Dari perspektif pelaku usaha asing, Indonesia merupakan salah satu destinasi paling menarik untuk ekspansi di sektor Food and Beverage (F&B). Dengan populasi lebih dari 270 juta jiwa, pertumbuhan kelas menengah, serta tingginya permintaan konsumen, pasar Indonesia menawarkan peluang yang signifikan bagi perusahaan asing yang ingin memperkenalkan dan mendistribusikan produknya.

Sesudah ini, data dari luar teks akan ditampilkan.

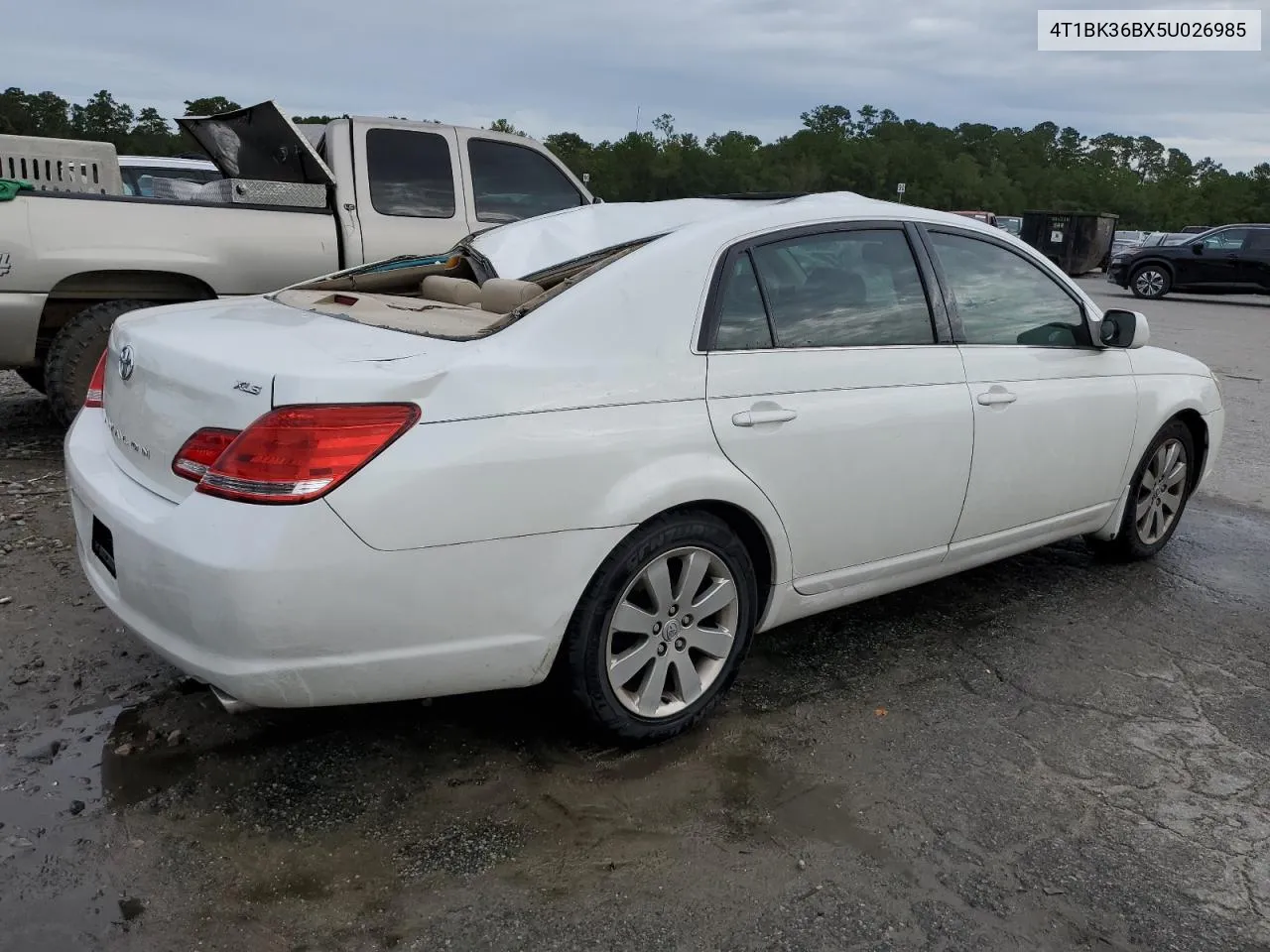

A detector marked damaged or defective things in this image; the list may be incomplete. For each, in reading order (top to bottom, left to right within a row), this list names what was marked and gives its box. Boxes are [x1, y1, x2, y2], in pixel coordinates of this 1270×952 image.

damaged white sedan [64, 193, 1223, 746]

Namun, antusiasme untuk memasuki pasar yang luas ini sering kali disertai dengan ketidakpastian regulasi, khususnya dalam aspek kepatuhan produk. Pelaku usaha asing kerap dihadapkan pada pertanyaan mendasar: izin mana yang harus diperoleh terlebih dahulu sebelum masuk ke pasar Indonesia—izin edar BPOM atau sertifikasi Halal? Apakah kedua proses ini harus dilakukan secara berurutan, atau dapat dijalankan secara paralel guna mempercepat waktu masuk pasar?

Dilema ini bersifat praktis sekaligus strategis. Di satu sisi, BPOM (Badan Pengawas Obat dan Makanan) berperan sebagai gerbang utama yang memastikan keamanan pangan dan legalitas produk, sehingga produk impor memenuhi standar kesehatan dan keselamatan Indonesia sebelum didistribusikan. Di sisi lain, sertifikasi Halal—yang diwajibkan berdasarkan hukum Indonesia—mencerminkan kerangka perlindungan konsumen sekaligus aspek religius yang sama pentingnya di negara dengan mayoritas penduduk Muslim.

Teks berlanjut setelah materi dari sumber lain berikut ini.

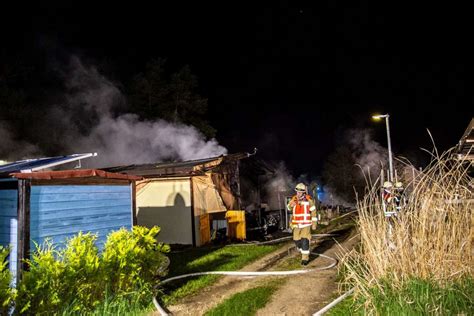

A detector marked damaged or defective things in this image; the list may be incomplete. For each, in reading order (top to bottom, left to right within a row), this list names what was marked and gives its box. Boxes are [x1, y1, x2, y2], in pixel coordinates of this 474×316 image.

damaged roof [103, 152, 252, 177]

Oleh karena itu, pelaku usaha asing harus dengan cermat menentukan jalur regulasi yang tepat untuk memastikan kelancaran masuk ke pasar Indonesia. Sebuah peta jalan yang jelas menjadi hal yang tak terhindarkan, tidak hanya untuk mematuhi peraturan yang berlaku, tetapi juga untuk menghindari duplikasi proses, keterlambatan persetujuan, maupun potensi risiko hukum yang dapat timbul akibat ketidakpatuhan.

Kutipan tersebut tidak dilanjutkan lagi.